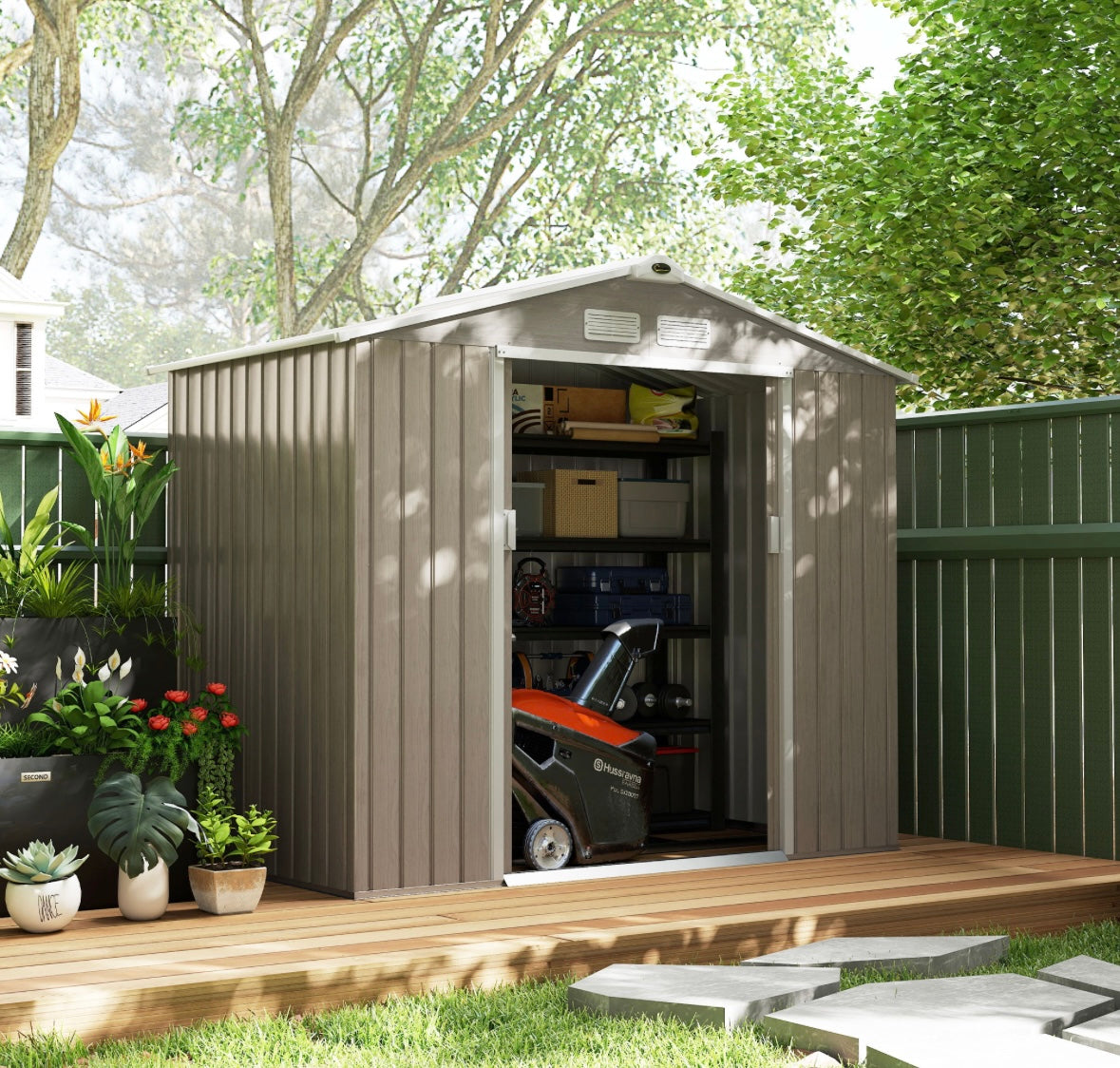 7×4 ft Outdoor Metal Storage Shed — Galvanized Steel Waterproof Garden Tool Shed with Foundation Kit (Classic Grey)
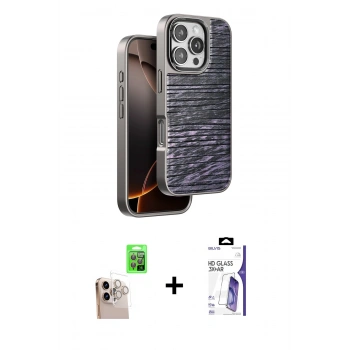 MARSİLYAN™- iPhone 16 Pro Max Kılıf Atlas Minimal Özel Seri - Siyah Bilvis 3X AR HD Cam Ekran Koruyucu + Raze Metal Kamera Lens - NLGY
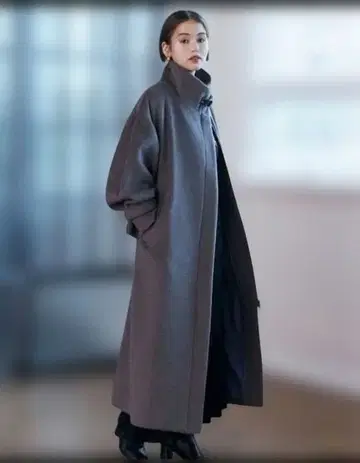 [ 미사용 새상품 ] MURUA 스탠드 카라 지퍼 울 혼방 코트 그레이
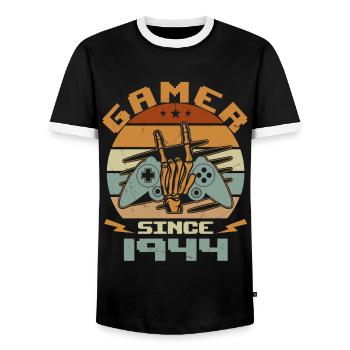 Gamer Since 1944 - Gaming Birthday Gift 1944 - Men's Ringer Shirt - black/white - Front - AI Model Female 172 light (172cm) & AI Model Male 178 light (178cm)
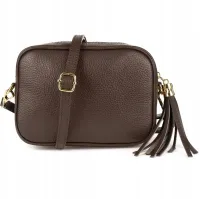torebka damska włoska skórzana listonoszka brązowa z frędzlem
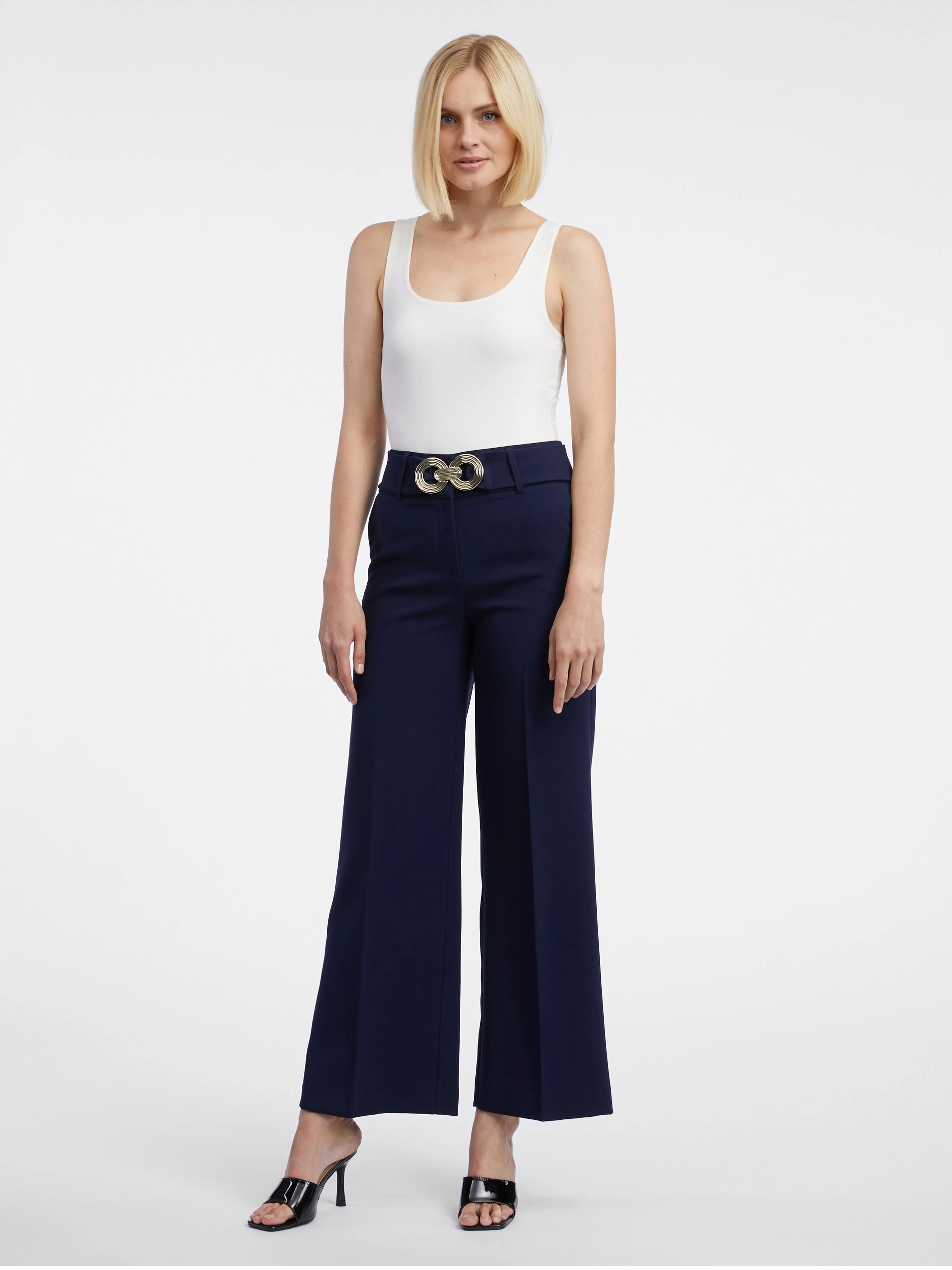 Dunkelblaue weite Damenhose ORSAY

-- -- --

Beginning with the line holding "MARSİLYAN™- iPhone 16", copy each line exactly through the end of the records above, and leave every picture out.

[Response for this exercise]
 MARSİLYAN™- iPhone 16 Pro Max Kılıf Atlas Minimal Özel Seri - Siyah Bilvis 3X AR HD Cam Ekran Koruyucu + Raze Metal Kamera Lens - NLGY
 [ 미사용 새상품 ] MURUA 스탠드 카라 지퍼 울 혼방 코트 그레이
 Gamer Since 1944 - Gaming Birthday Gift 1944 - Men's Ringer Shirt - black/white - Front - AI Model Female 172 light (172cm) & AI Model Male 178 light (178cm)
torebka damska włoska skórzana listonoszka brązowa z frędzlem
 Dunkelblaue weite Damenhose ORSAY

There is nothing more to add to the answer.